The psychosocial health of children born after medically assisted reproduction: evidence from the UK Millennium Cohort Study
SSM-Population Health, 7:100355, 1–11 (2019)
The increasing number of children conceived through medically assisted reproduction (MAR, including IVF/ICSI, intrauterine insemination and ovulation induction) has led to concerns about the potential negative effects of fertility treatments on children’s psychosocial health. Some studies suggest that MAR children might be at higher risk of developing psychosocial problems when they enter adolescence. However, very few studies have examined the development of MAR children after childhood. Moreover, even though parental socio-economic characteristics are known to be highly correlated with children’s psychosocial development, most existing studies on the outcomes of MAR children did not take into account the selective characteristics of the couples who accessed fertility treatments.
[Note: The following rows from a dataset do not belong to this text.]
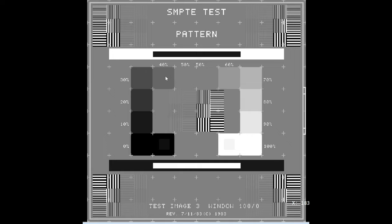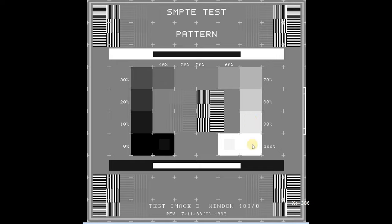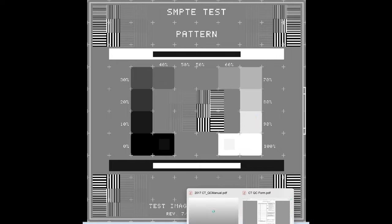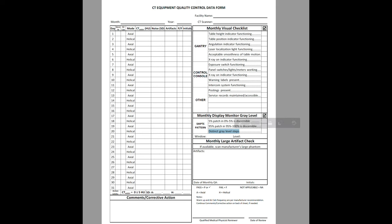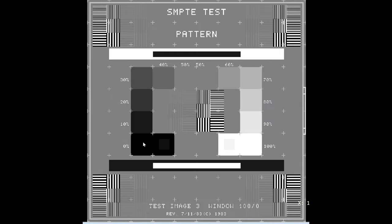30, 40 is here. You have two 50% patches. You have a 60, 70, 80, 90, and 100. So what you're looking for over here on the distinct gray level steps, you're looking to make sure that you can see each one of the gray level steps and that they show as distinctly different colors.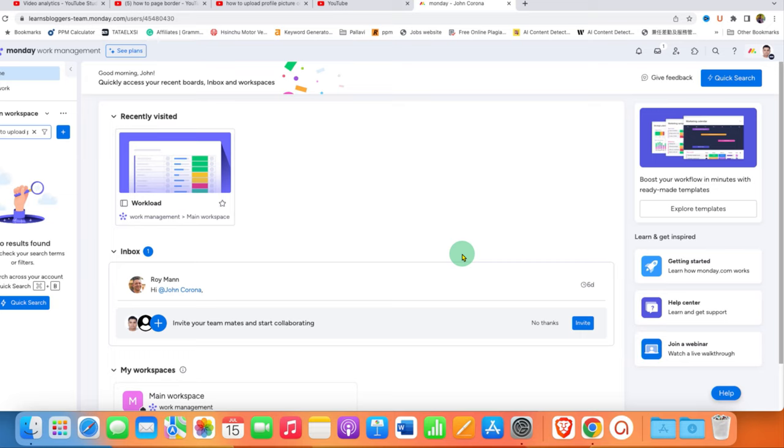Now check out these useful videos related to monday.com. Click on that like button, comment below and let me know if this video solved your problem. Don't forget to subscribe and press the bell icon.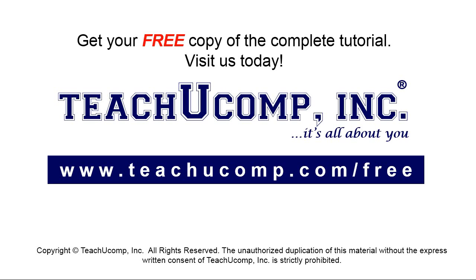Get your free copy of the complete tutorial at www.teachucomp.com/free.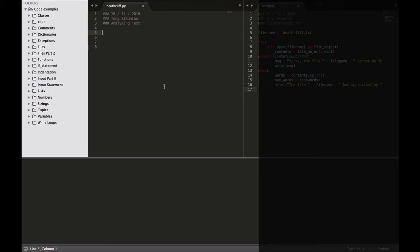Hi everybody and welcome back. We're moving into a new section which is files part 2, and in this section we're going to look at some more advanced topics of working with files. This lecture is called analyzing text, and we can analyze text files containing large amounts of information — such as, you've guessed it, books.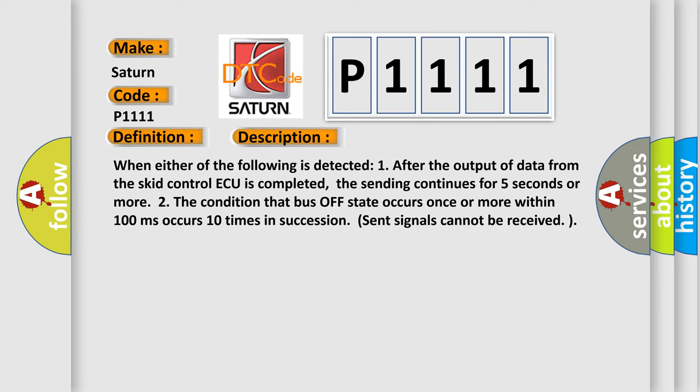Two, the condition that bus off state occurs once or more within 100 milliseconds occurs 10 times in succession. Sent signals cannot be received.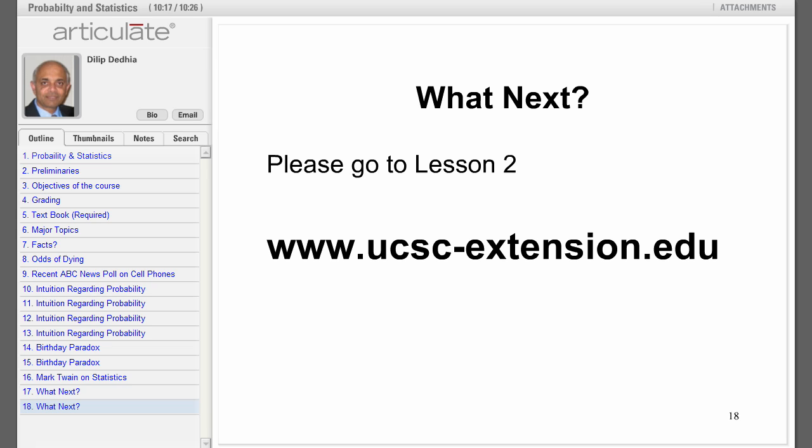That was a quick introduction to the course of Probability and Statistics. To continue, please go to lesson number two.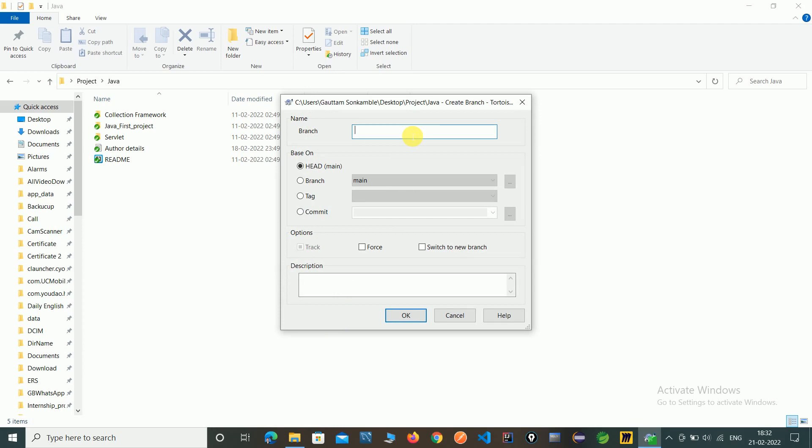Because we are creating from a main branch, so I am creating a developer corners branch name. So we are creating from a main branch and click on OK.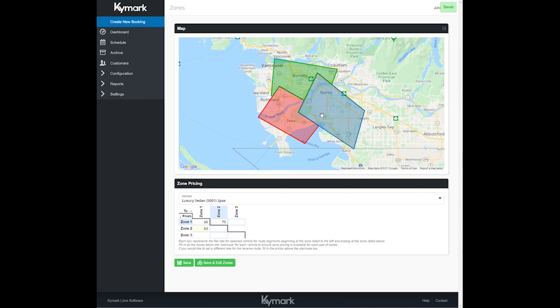You've now gone ahead and created zones and set pricing for the zones for that vehicle. Typically on some other limo softwares, you'll need to enter zip codes, postal codes, and that takes quite a bit of work. With our system, it's very intuitive and innovative in the fact that you're just drawing polygons on Google Maps and it automatically identifies the postal codes or zip codes. Very easy to use and we hope that you enjoy it. You should be able to set up your zones within less than 30 minutes to have everything set up with prices for a fleet size of 10 or less vehicles. If you have any questions, reach out.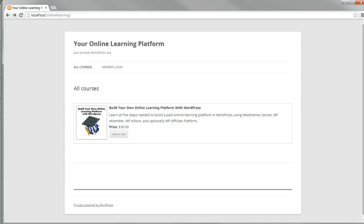We've got our Smart Add to Cart button for the course done and now it's time to go through the settings for WP eStore and make sure they're all correct.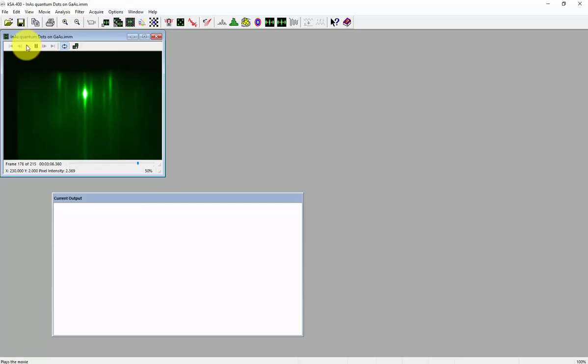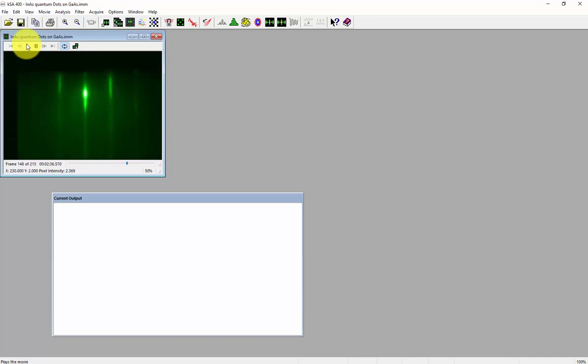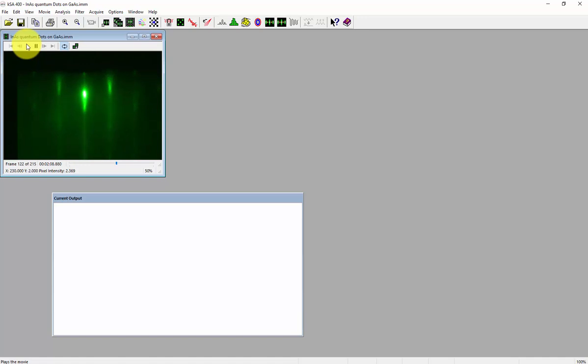One feature that KSA customers appreciate is the ability to export images from a movie file or a .imn file. Here is a demonstration of how to do that.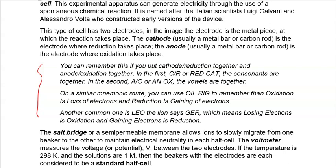Other mnemonics you can use are OIL RIG and 'LEO the lion says GR' — two very common ones in electrochemistry. OIL RIG: OIL stands for 'oxidation is loss' of electrons, and RIG stands for 'reduction is gain' of electrons. LEO the lion says GR: LEO is 'losing electrons is oxidation,' and GR is 'gaining electrons is reduction.' Whether you prefer red cat / anox, OIL RIG, or LEO the lion says GR, these all help you remember which is oxidation, which is reduction, and where each is occurring.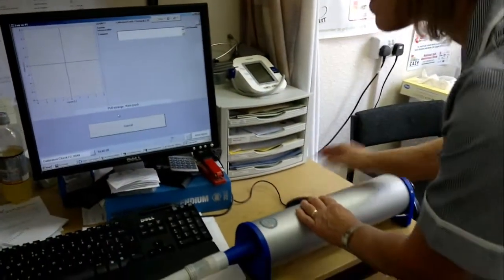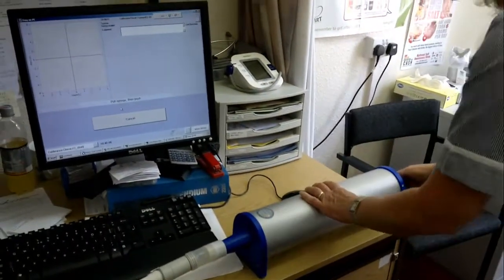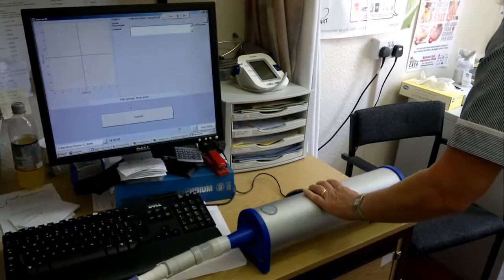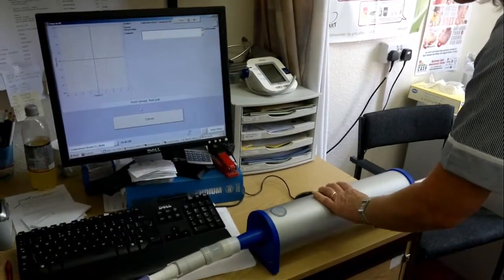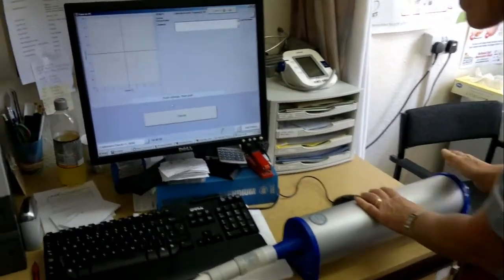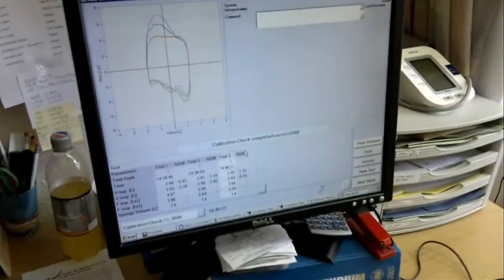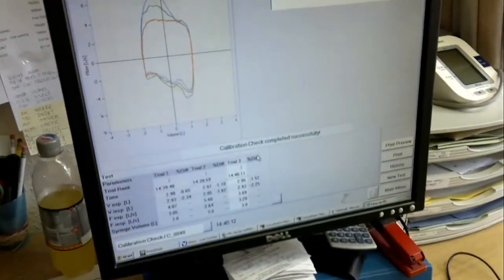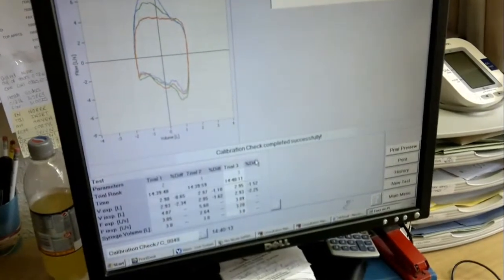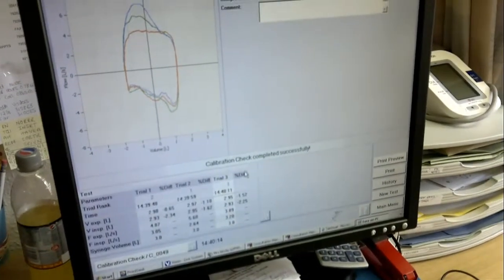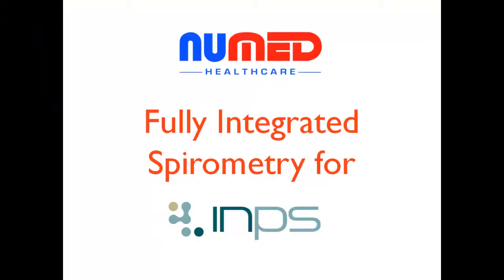Once we have performed the three tests, the software will tell us the device is calibrated and calibration is now complete.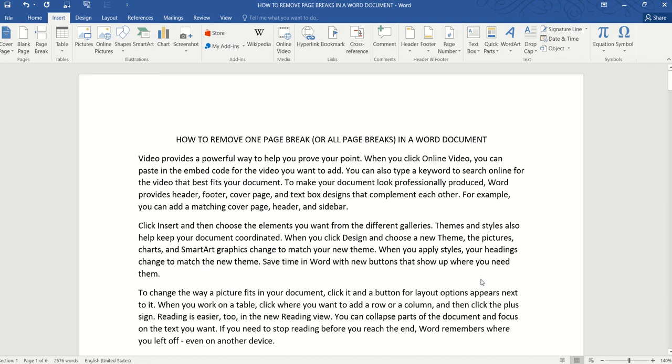Hello and in this video, we are going to learn how to remove a single page break or how to remove all page breaks at once in a Word document.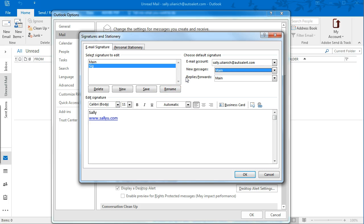And if you want to have maybe a different signature when you reply to messages, this is a great idea. You've already sent the person your full signature with all your contact information.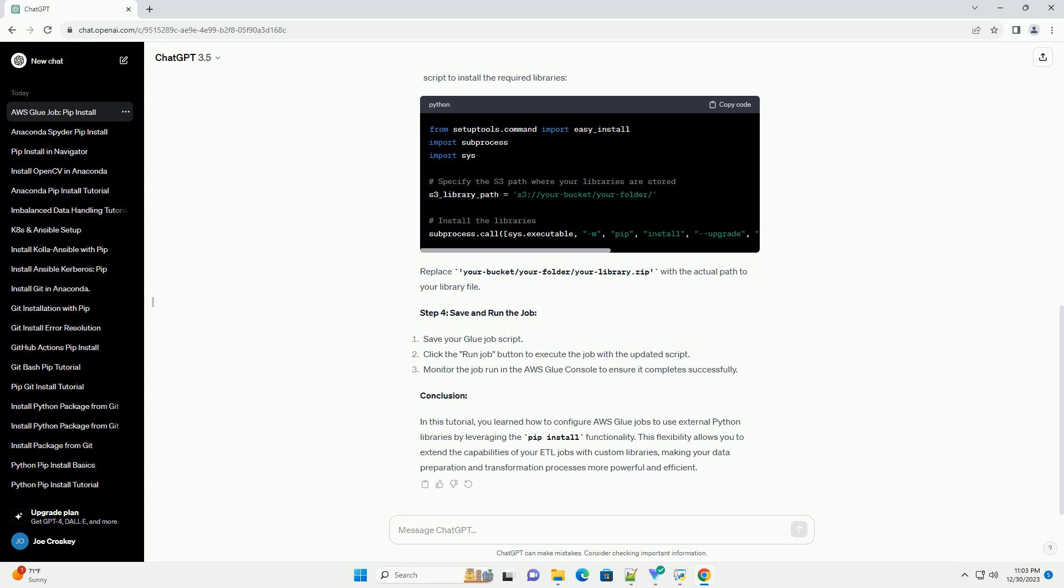This flexibility allows you to extend the capabilities of your ETL jobs with custom libraries, making your data preparation and transformation processes more powerful and efficient.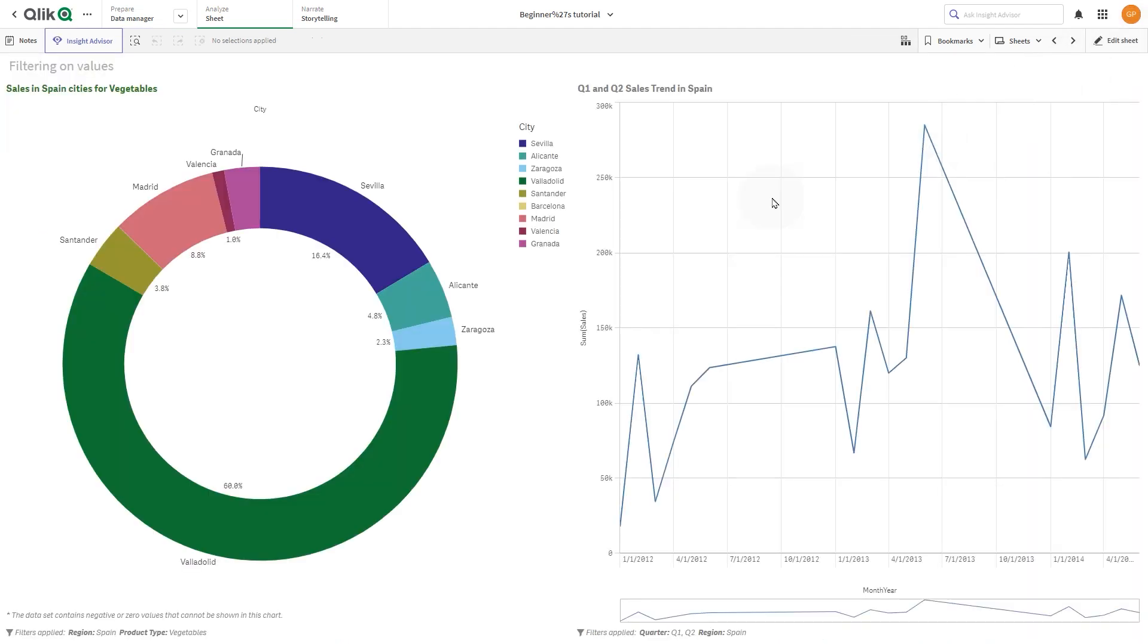And now you have the final result. A Donut Chart showing the sales in Spain cities for Vegetables and a Line Chart that shows the sales trend for Q1 and Q2 in Spain.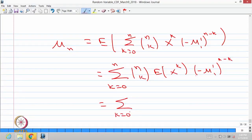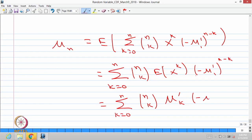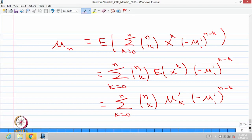We can rewrite expectation of x power k as the kth order moment about the origin, mu suffix k dash. Therefore, this becomes the summation of n-choose-k times mu suffix k dash times (minus mu 1 dash) power n minus k. By the previous theorem, when the nth order moment about the mean exists, all previous order moments also exist, so this is a valid statement. In conclusion, starting from the first to nth order moments about the origin, one can obtain the nth order moment about the mean.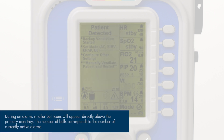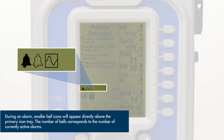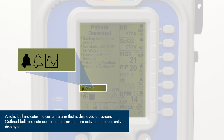During an alarm, smaller bell icons will appear directly above the primary icon tray. The number of bells corresponds to the number of currently active alarms. A solid bell indicates the current alarm that is displayed on screen. Outlined bells indicate additional alarms that are active but not currently displayed.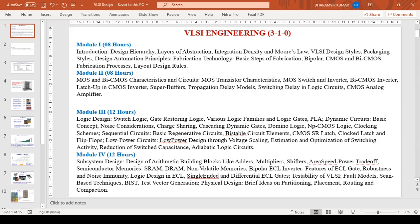Hello everyone, myself and I am working as an assistant professor at VSSUT in the department of electronics and telecommunications engineering. I will be taking this course of VLSI Engineering that is meant for the fifth semester students.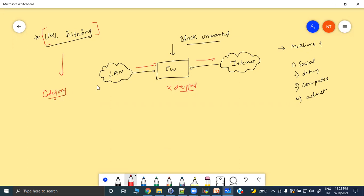As an administrator, you don't need to add specific websites to a block list — you can call the action on an entire category: allow, block, alert, or give a warning so the user can override your decision. You can also provide a 'continue' button to generate a log of whoever visits those websites. These are the options available in Palo Alto firewalls.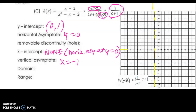Since y equals 0 is the horizontal asymptote, that means there are going to be no x-intercepts — there are no points along that x-axis — which is why x-intercepts are none. Our hole is at x equals 2 — and when I plug 2 into the simplified expression I get 1 over 2 plus 1 — so the hole is at (2, 1/3), right above that horizontal asymptote.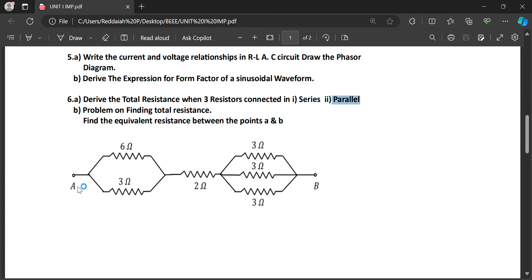The total resistance between A and B — they can calculate. These are the important questions in Unit 1.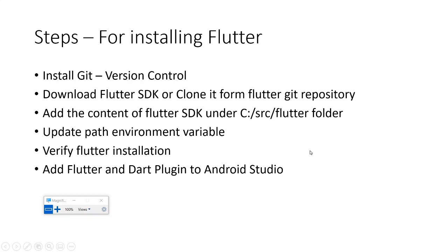It will tell you what has been set, what has not been set, what licenses have been accepted, and if there's anything wrong during the setup of the Flutter SDK. The final step is to add Flutter and Dart plugin to Android Studio.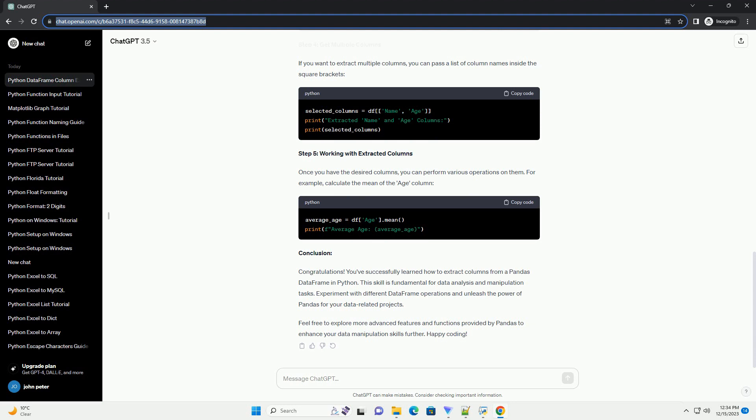ChatGPT Title: A Beginner's Guide to Extracting Columns from a Pandas Data Frame in Python. Introduction: Pandas is a popular data manipulation library in Python that provides easy-to-use data structures, such as data frames, for working with structured data. In this tutorial, we'll explore how to extract columns from a data frame using Python.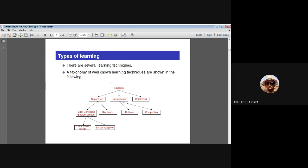Looking at the learning taxonomy, it can broadly be classified into three segments: supervised learning, unsupervised learning, and reinforcement learning. Supervised learning means during the process of learning a supervisor must be there to guide in a proper direction. For any system going through supervised learning, both the input and output are presented simultaneously for each training pattern — the system must know that for this input, this is the desired output, and so on.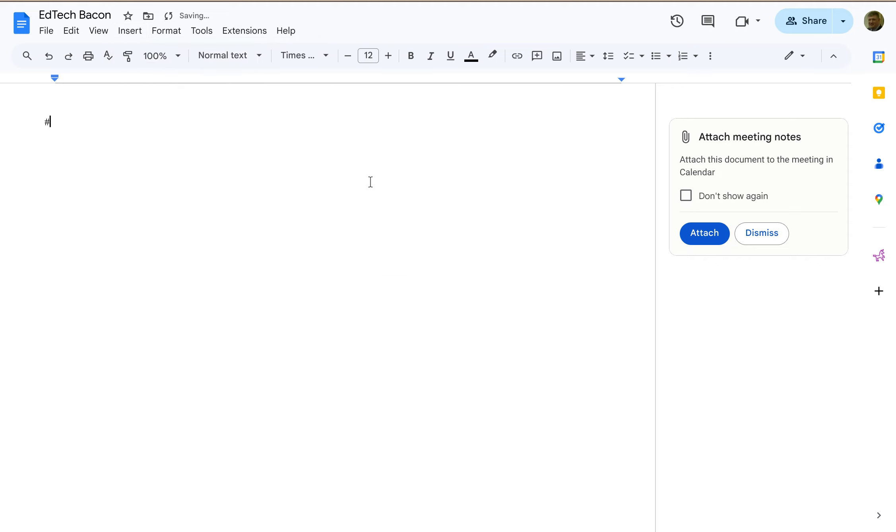So let's say I write a lot of tests and I have a lot of multiple-choice questions. Alright, so enter the multiple-choice question here and then I'm going to have a choice A,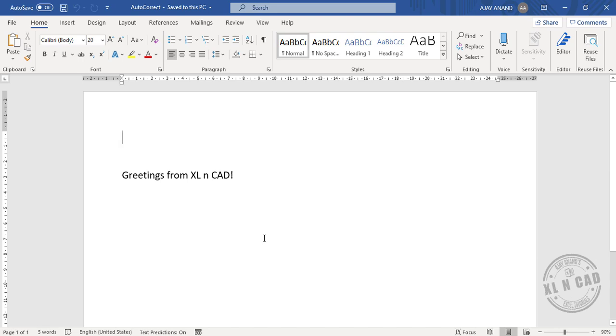Frequently used words or sentences can be assigned to short keys using the AutoCorrect option in Word. See this sentence: 'Greetings from Excel and CAD.'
Using data from waves 1–6 of the UK Millennium Cohort Study, we compare the psychosocial health, as measured by the Strengths and Difficulties Questionnaire, of MAR children to that of naturally-conceived (NC) children, up to and including the age of 14. We control for a wide range of time-constant child and parental characteristics that might confound the association between MAR and the psychosocial health of children. Results from multilevel random intercept models that do not account for parental characteristics show that MAR children have a lower incidence of psychosocial problems than NC children. In models that control for parental characteristics, MAR children are found to have a higher incidence of psychosocial problems than NC children at age three, which suggests that high parental resource levels both explain the advantage of MAR children in unadjusted models, and mask the potentially adverse effects of MAR at young ages. However, in the fully adjusted models in which MAR children have more psychosocial problems at young age, the differences with respect to NC children decrease with age and become statistically and substantively negligible by end of follow-up at age 14. This result suggests that the use of MAR does not increase children’s risk of having psychosocial problems at the onset of adolescence.